DIRECTIONS FOR THIS TASK:
From the first line to the last, retype the records exactly and skip the pictures.

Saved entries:
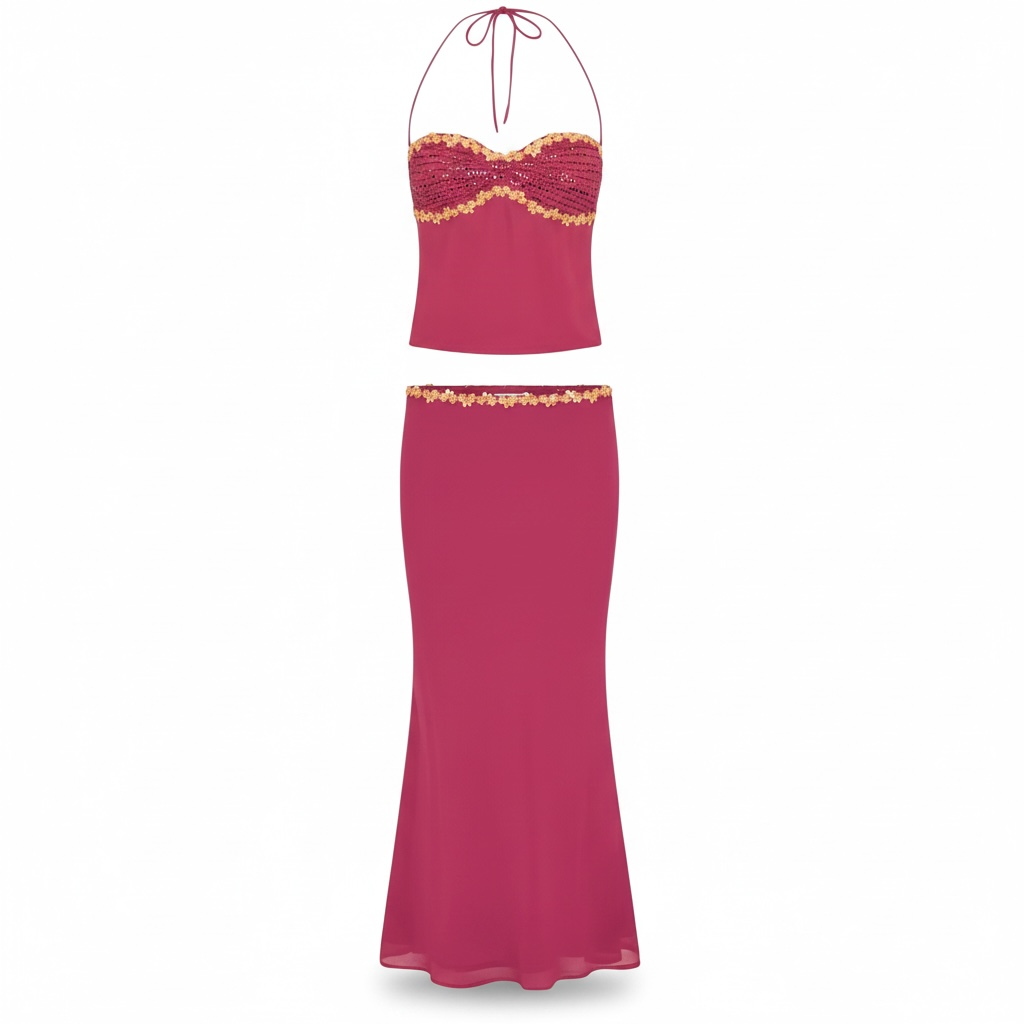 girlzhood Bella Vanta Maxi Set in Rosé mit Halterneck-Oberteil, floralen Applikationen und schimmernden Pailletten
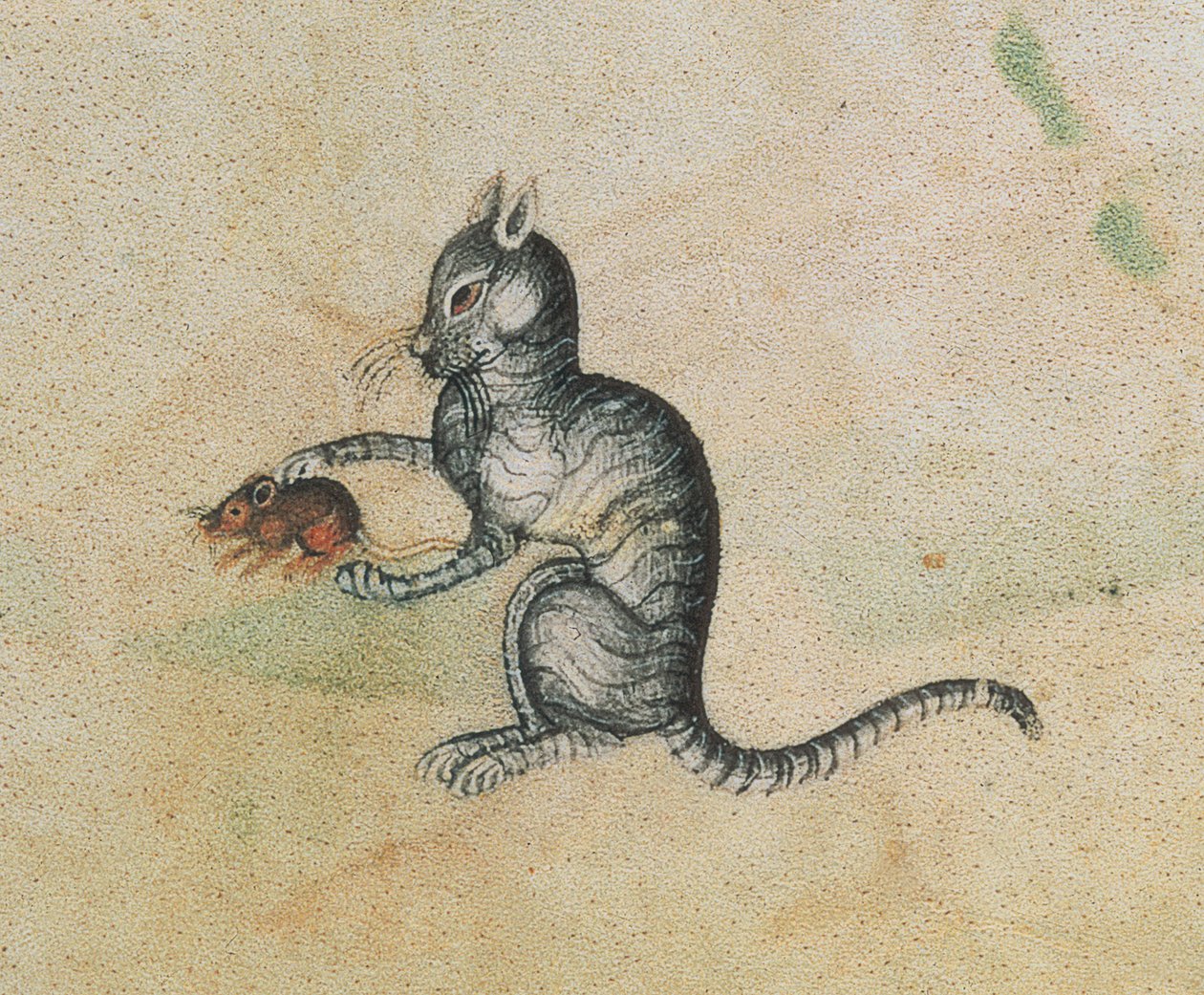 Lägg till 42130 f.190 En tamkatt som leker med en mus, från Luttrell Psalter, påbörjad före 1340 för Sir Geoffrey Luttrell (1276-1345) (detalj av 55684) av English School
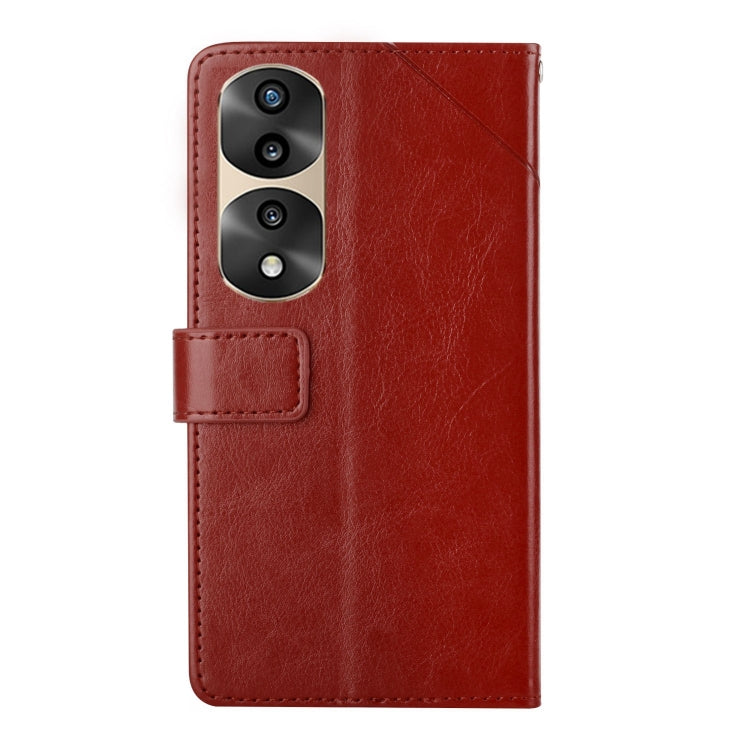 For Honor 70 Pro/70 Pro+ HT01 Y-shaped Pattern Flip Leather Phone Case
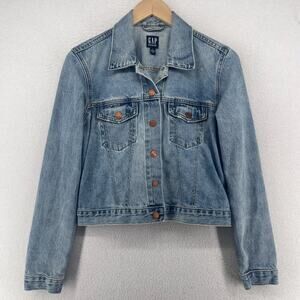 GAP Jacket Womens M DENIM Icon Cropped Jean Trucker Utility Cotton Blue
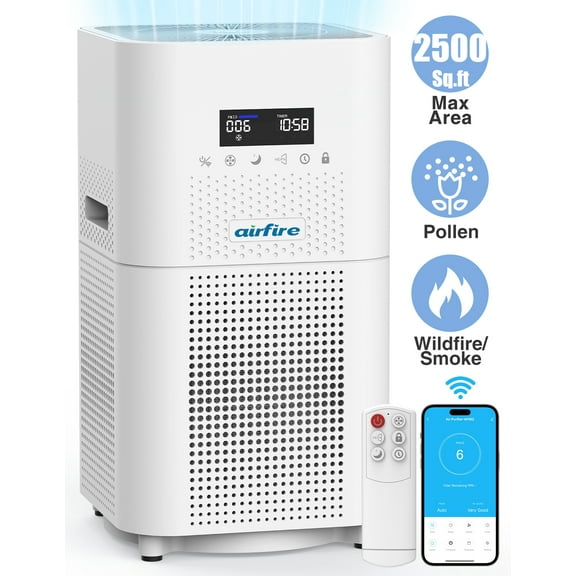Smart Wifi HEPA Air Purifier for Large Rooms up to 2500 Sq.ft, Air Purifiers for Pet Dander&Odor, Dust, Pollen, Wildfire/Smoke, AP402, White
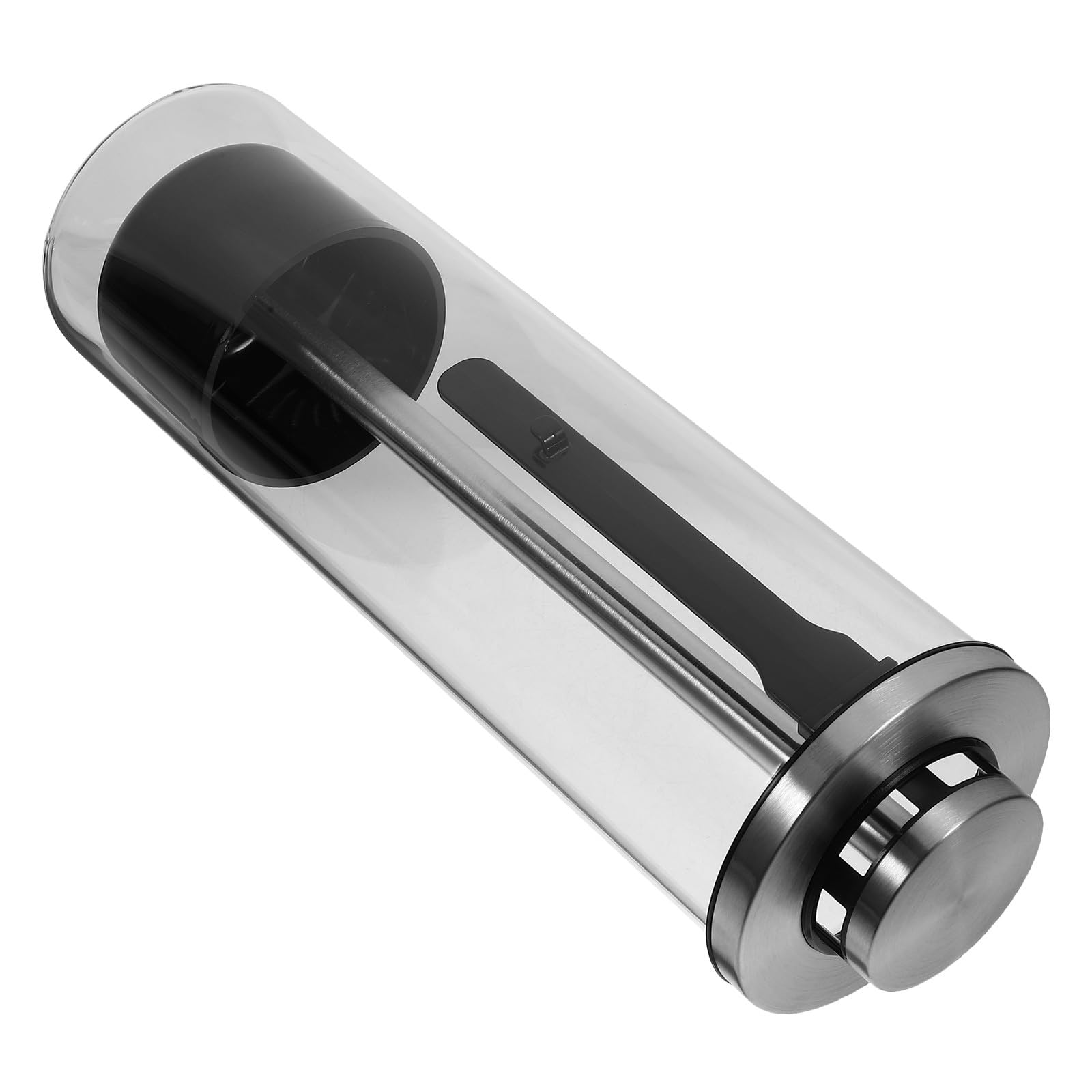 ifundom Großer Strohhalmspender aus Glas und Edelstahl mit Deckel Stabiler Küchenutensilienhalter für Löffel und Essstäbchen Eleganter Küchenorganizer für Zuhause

ANSWER TO THIS EXERCISE:
 girlzhood Bella Vanta Maxi Set in Rosé mit Halterneck-Oberteil, floralen Applikationen und schimmernden Pailletten
 Lägg till 42130 f.190 En tamkatt som leker med en mus, från Luttrell Psalter, påbörjad före 1340 för Sir Geoffrey Luttrell (1276-1345) (detalj av 55684) av English School
 For Honor 70 Pro/70 Pro+ HT01 Y-shaped Pattern Flip Leather Phone Case
 GAP Jacket Womens M DENIM Icon Cropped Jean Trucker Utility Cotton Blue
Smart Wifi HEPA Air Purifier for Large Rooms up to 2500 Sq.ft, Air Purifiers for Pet Dander&Odor, Dust, Pollen, Wildfire/Smoke, AP402, White
 ifundom Großer Strohhalmspender aus Glas und Edelstahl mit Deckel Stabiler Küchenutensilienhalter für Löffel und Essstäbchen Eleganter Küchenorganizer für Zuhause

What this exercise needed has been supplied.